I think they are great. But like I said, its a blast from the past. That high gloss fell out of fashion.

Prints will curl in the shape of the drum. Its not too bad and mounts fine. Certainly not wavy like other ways of drying.

I've heard of using a 10% Glycerin solution to keep it from curling but I've never tried it.

Mark MacKenzie
21-Feb-2013, 20:13
Here is another thread that seems to confirm what some have said here.


21-Feb-2013, 22:32
Ok, based on the instructions with my Premier Print Dryer: "Never place the emulsion side of Resin Coated papers against the metal dryer surface."

It also says that RC (Resin Coated) papers will dry flat and wrinkle free in 15 sec to 1 min. Fiber based prints will take 4 to 6 minutes.

Photo flow is recommended with fiber based paper, but not with RC. Place the print face down and squeegee off the excess water. It is important that the surface of the chrome be very clean and polished. Ferrotype polish is available from Premier (according to the instructions.)

If using fiber paper, place the emulsion against the chrome surface for a glossy print, against the apron for a matte or semi-matte surface.

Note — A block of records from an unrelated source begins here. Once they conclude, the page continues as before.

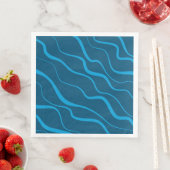 Blau, einfach, modern, coole Wellenabstraktion Serviette (Beispiel)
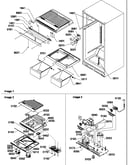 Interior cabinet and drain block assembly
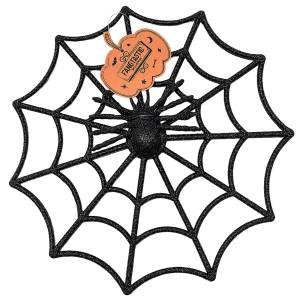 3-2742 Αράχνη Μαύρη με Ιστό 28,5cm , Halloween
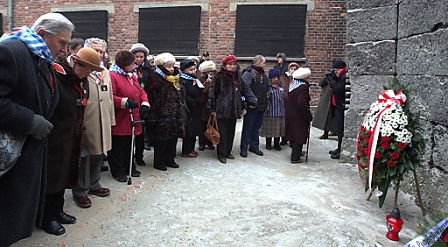 Former camp prisoners lay a wreath, Auschwitz, marking the 69th anniversary of the liberation of the German Nazi concentration and extermination camp, 27 January 2014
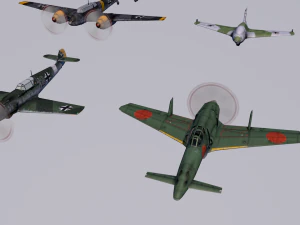 pack of 23 extreme low poly world war air planes vr - ar - low-poly 3D Model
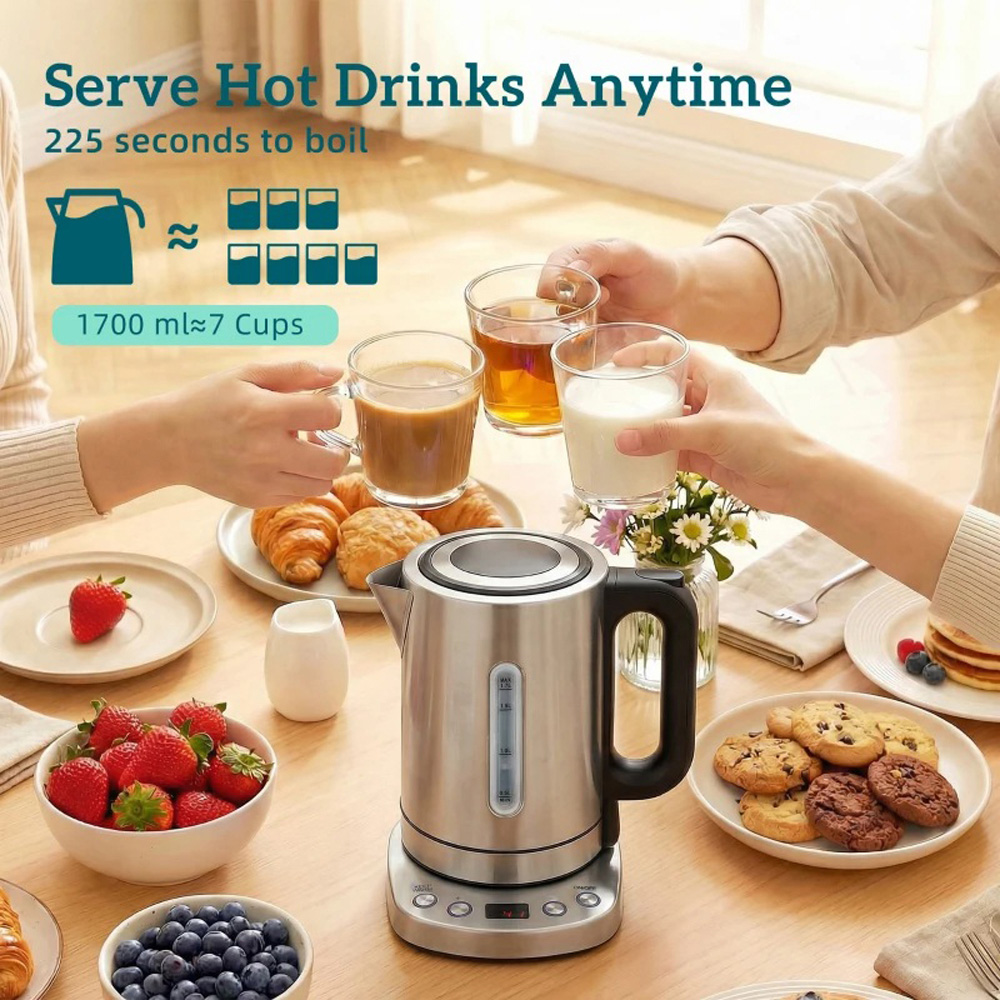 HOMCOM Polished Stainless Steel 1.7L Electric Kettle Image 5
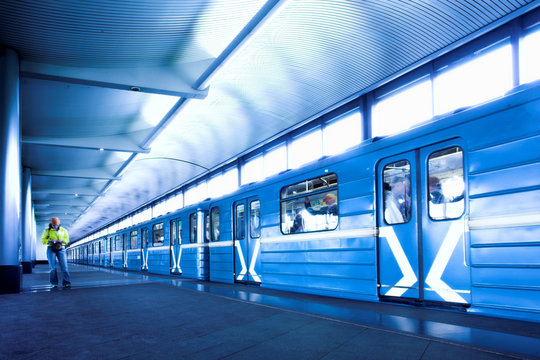Blue train at subway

Here is the scan of my instructions. I hope it works.


Doremus Scudder
22-Feb-2013, 05:11
If you decide to use the print dryer make sure that the cloth is clean. Many likely dried less-than-well-washed prints on driers like these and the cloth can be contaminated with fixer. Wash with water and a tiny bit of chlorine bleach to neutralize the fix. Rinse very well and dry.

If you use the metal platten to impart more gloss to your prints make sure the contact with the print surface and metal is uniform and compete. Otherwise you'll get areas of less gloss.

It doesn't matter what the designation of the paper is (glossy, lustre, etc.), drying emulsion to the metal will give the print relatively more gloss than drying it with the pirint surface to the cloth. E.g., a glossy paper will be glossier when dried face to the metal platten than face to the cloth.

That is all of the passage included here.